Bien sûr, on a désormais beaucoup de cavistes et de bars à crafts, mais leur nombre est inférieur à ceux sous contrat brasseur. Cependant, de plus en plus de bars, mêmes les plus classiques, proposent des bouteilles locales voire un bec local, malgré leurs contrats. De même, on voit le phénomène à Marseille, certains bars sous contrats, décident de s’en affranchir au bout d’un certain temps pour proposer une gamme oscillant entre produits industriels et produits artisanaux pour élargir son champ d’action et donc sa clientèle.
Enfin, la vigilance sur les industriels doit aussi se faire sur leurs actions en dehors du craft washing, surveiller leurs intégrations verticales comme en Afrique où ils prennent le contrôle des matières premières en rachetant les fournisseurs et verrouillant le marché aux petits. Une stratégie qui est anticoncurrentielle, éthiquement immonde, mais qui existe.
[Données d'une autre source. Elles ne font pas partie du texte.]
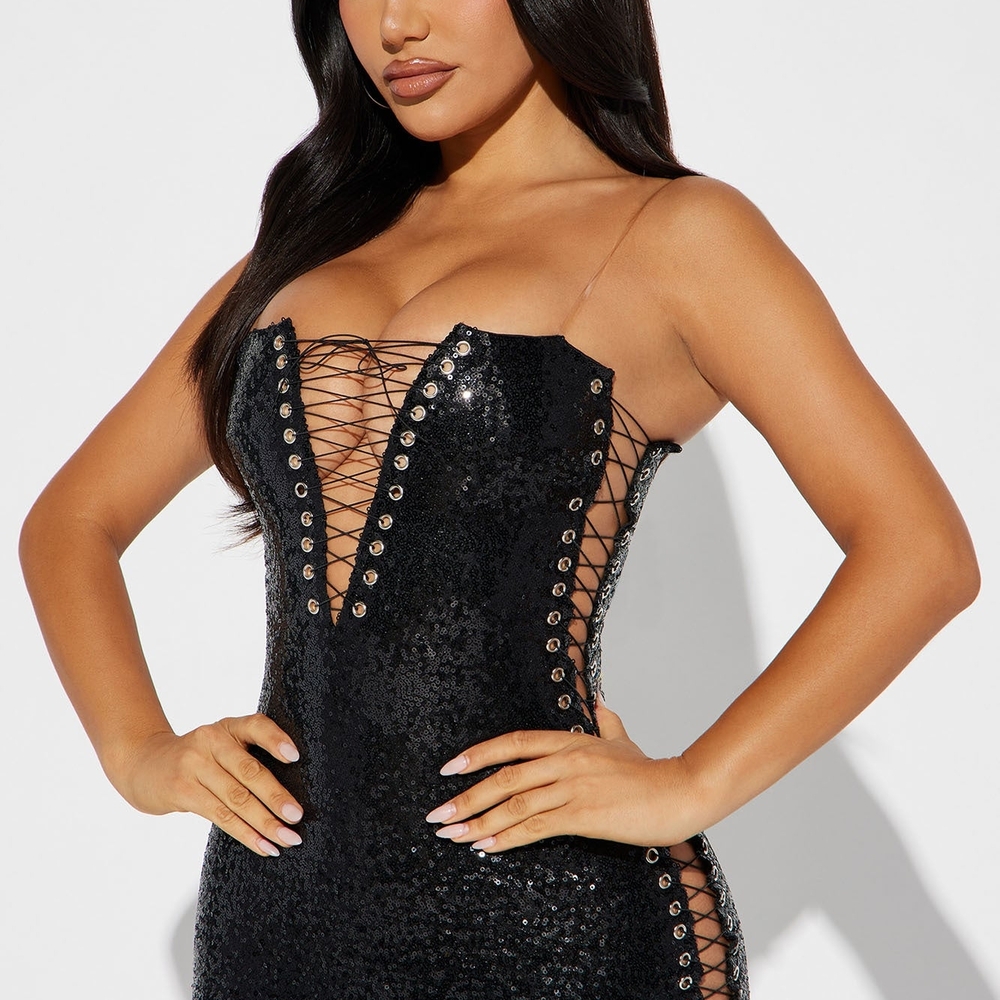 Fashion Nova Black Strapless Dress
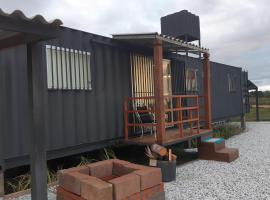 Casa Container, pet-friendly hotel in Bagé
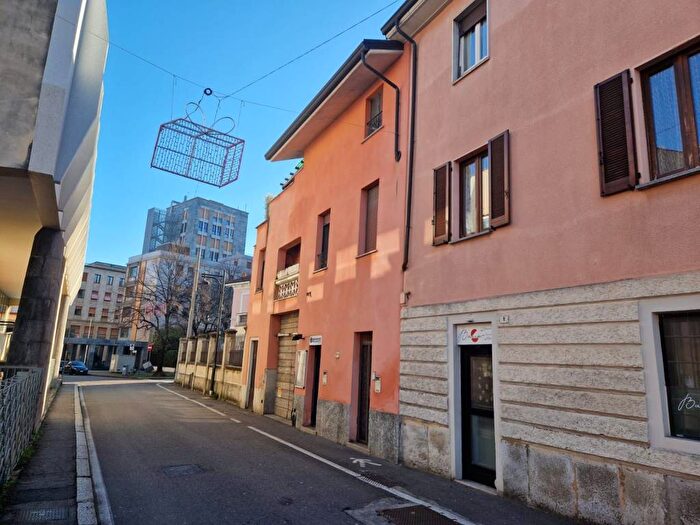 Appartamento monolocale in affitto in Via Antonio Pozzi, Piazza Santa Maria, Busto Arsizio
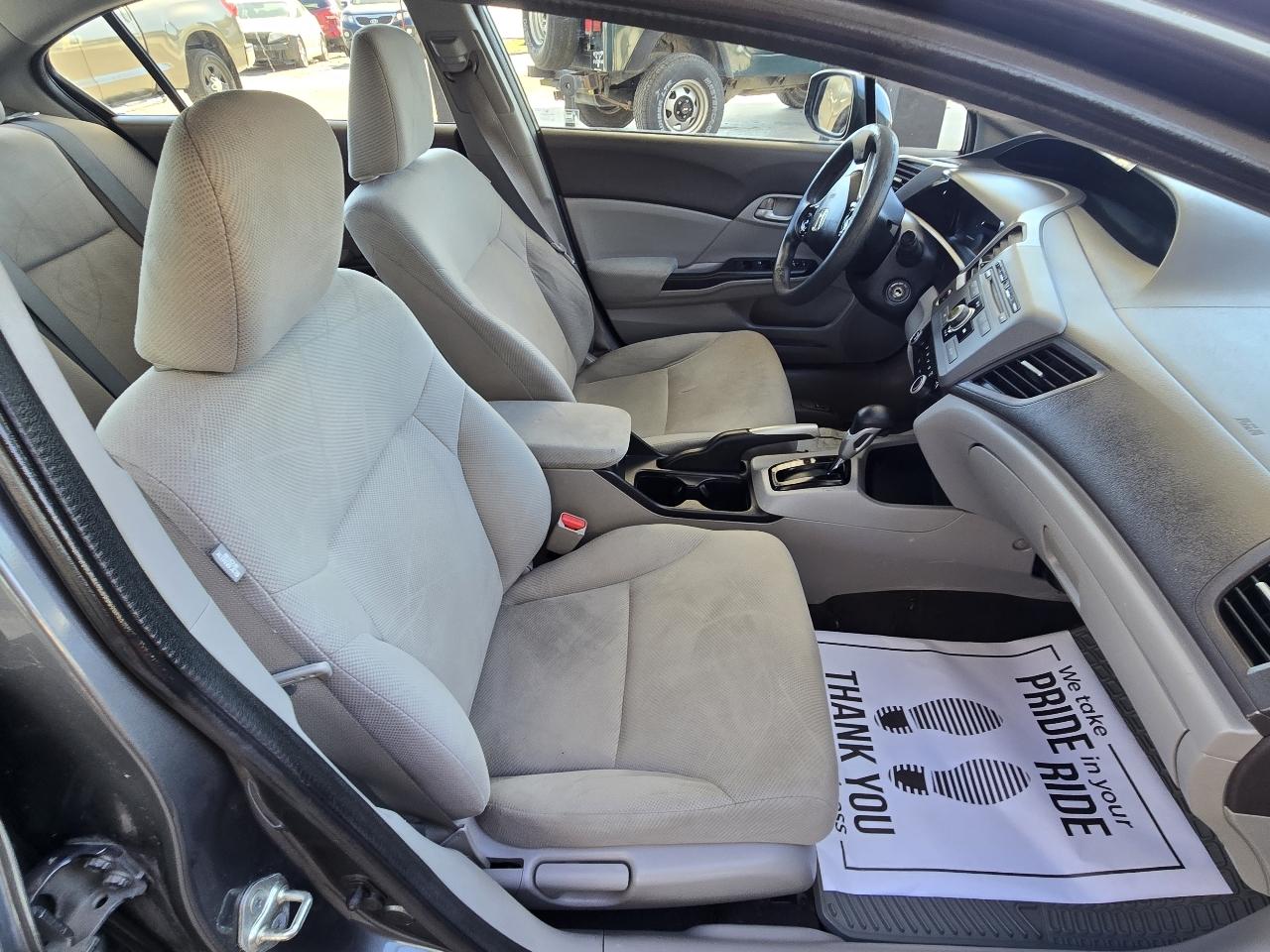 Honda Civic LX Sedan 5-Speed AT 2012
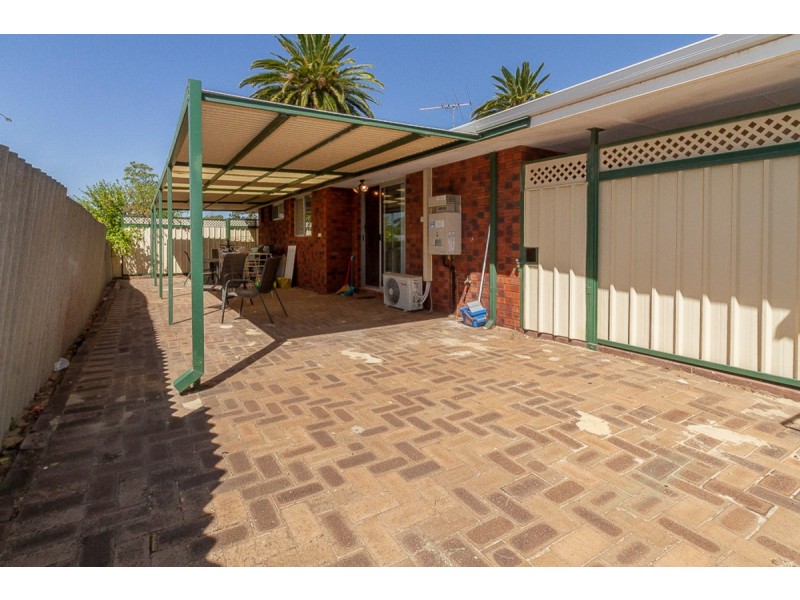 4/33 Leach Highway, Wilson WA 6107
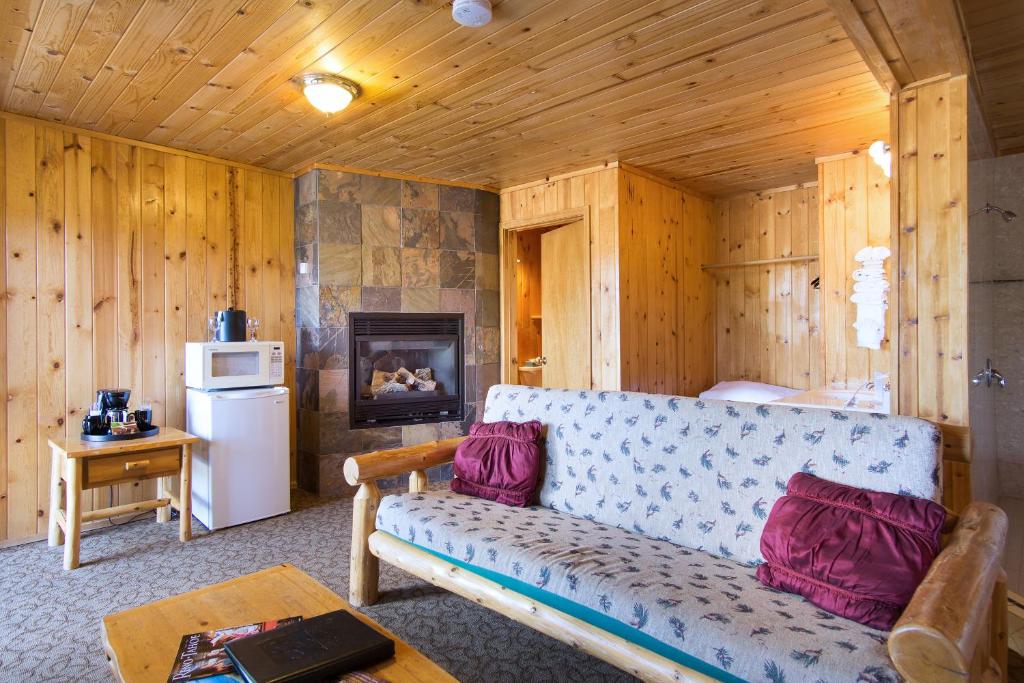 Kuchyň nebo kuchyňský kout v ubytování Secrets Inn Lake Tahoe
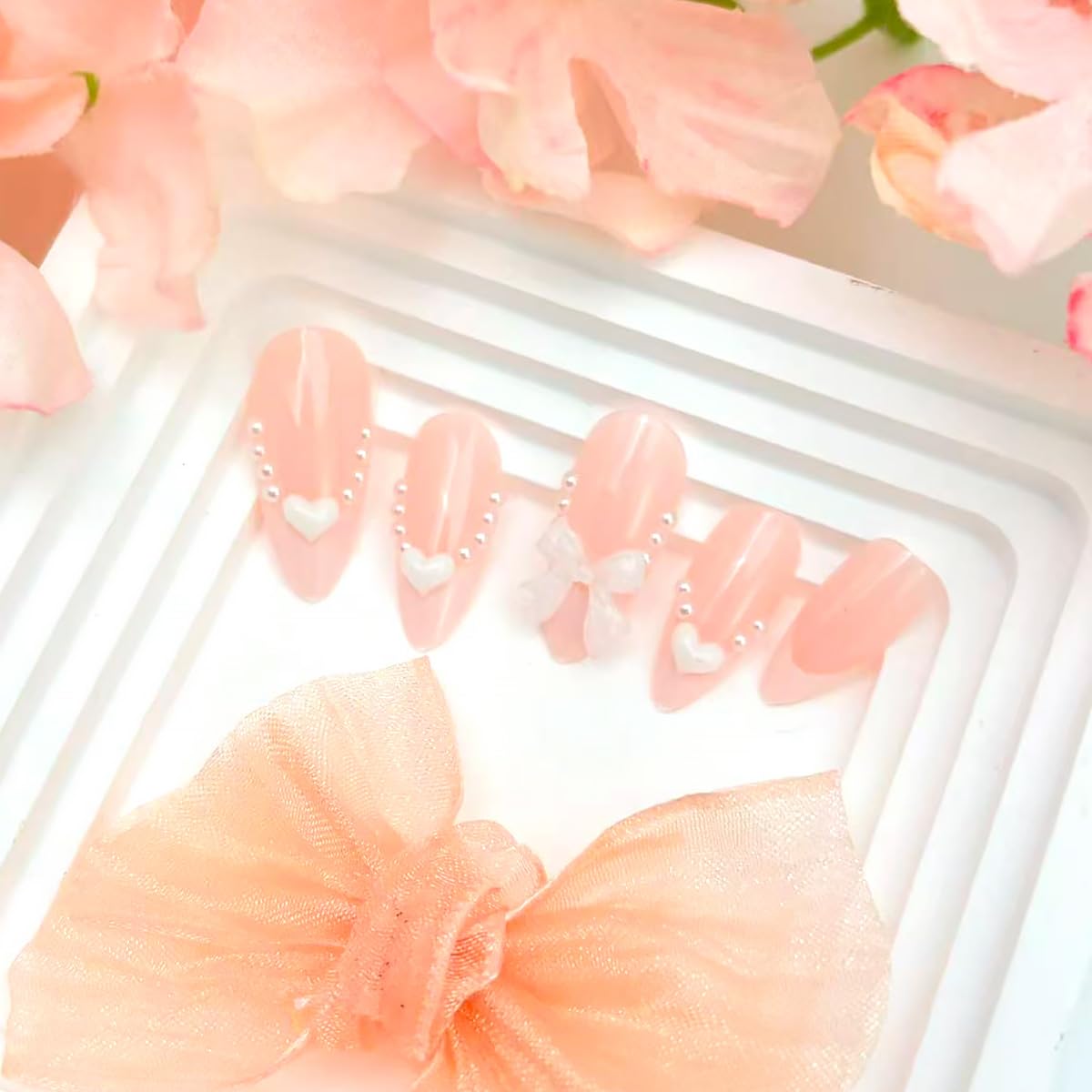 24Pcs White French Tip Press on Nails Medium Almond Fake Nails with Heart Pearl Design French Tip False Nails Cute 3D Bow Gems Stick on Nail Full Cover Reusable Glue on Nails for Women Wedding Daily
C’est aussi pour cela que la filière brassicole se dote de plus en plus d’houblonnières, de malteurs, de fabricants de levures, la sphère brassicole indépendante parait petite, mais regroupée à l’échelle mondiale, elle pèse et elle n’a pas besoin de diaboliser l’industriel, elle est capable de l’affronter et se jouer de lui.
Donc au final, l’industriel, si on reste vigilant, peut être utile au milieu craft, mais pour cela, il faut que tous les acteurs soient solidaires et agissent avec la meilleure des synergies.
En conclusion, comme dirait le fameux guide intergalactique Don’t Panic!